- [Assignment] From the first line to the last, restate the data exactly, leaving out the images.

- [Dataset section]

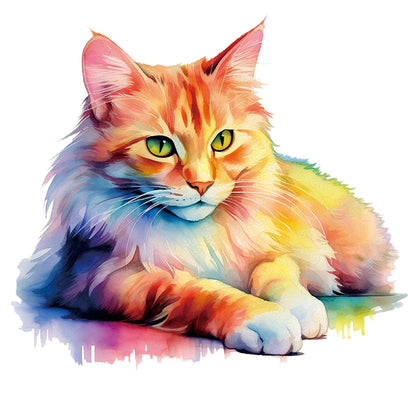 Aquarell-Holzkatze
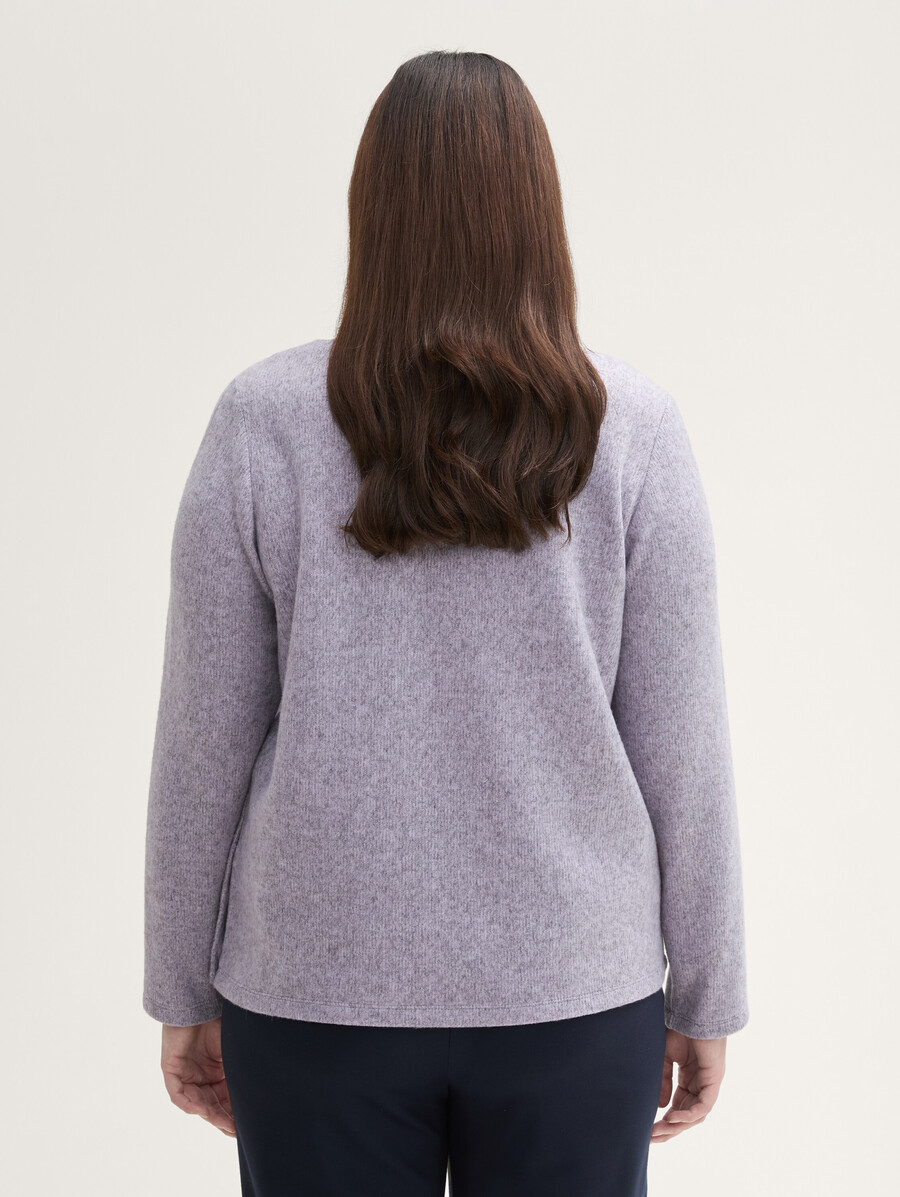 plus size – weiches sweatshirt mit knopfdetails
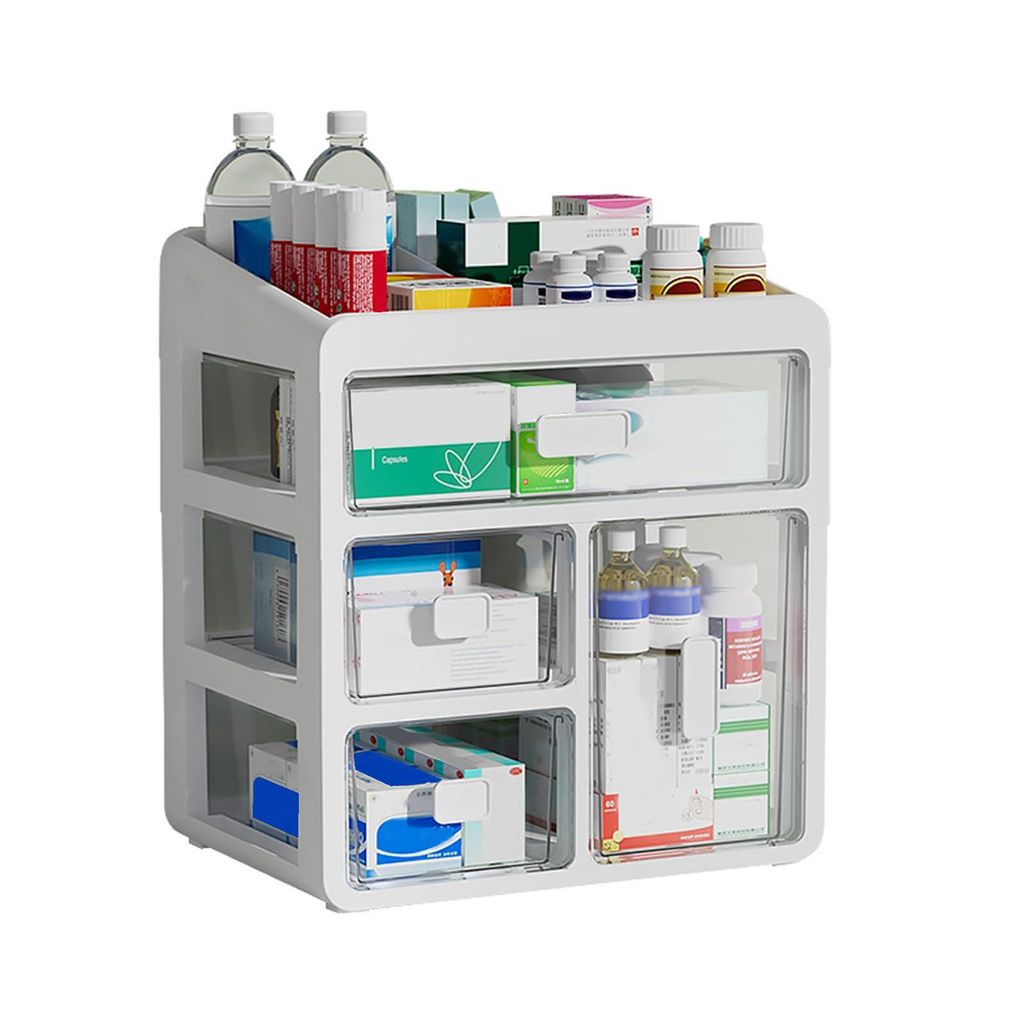 Hausapotheke Schrank, 4-Tier-Schublade-Typ Medizin Box, Medikamenten Aufbewahrung, Groß Medikamentenbox, Medizinische Lagerung Container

- [Your solution]
 Aquarell-Holzkatze
 plus size – weiches sweatshirt mit knopfdetails
 Hausapotheke Schrank, 4-Tier-Schublade-Typ Medizin Box, Medikamenten Aufbewahrung, Groß Medikamentenbox, Medizinische Lagerung Container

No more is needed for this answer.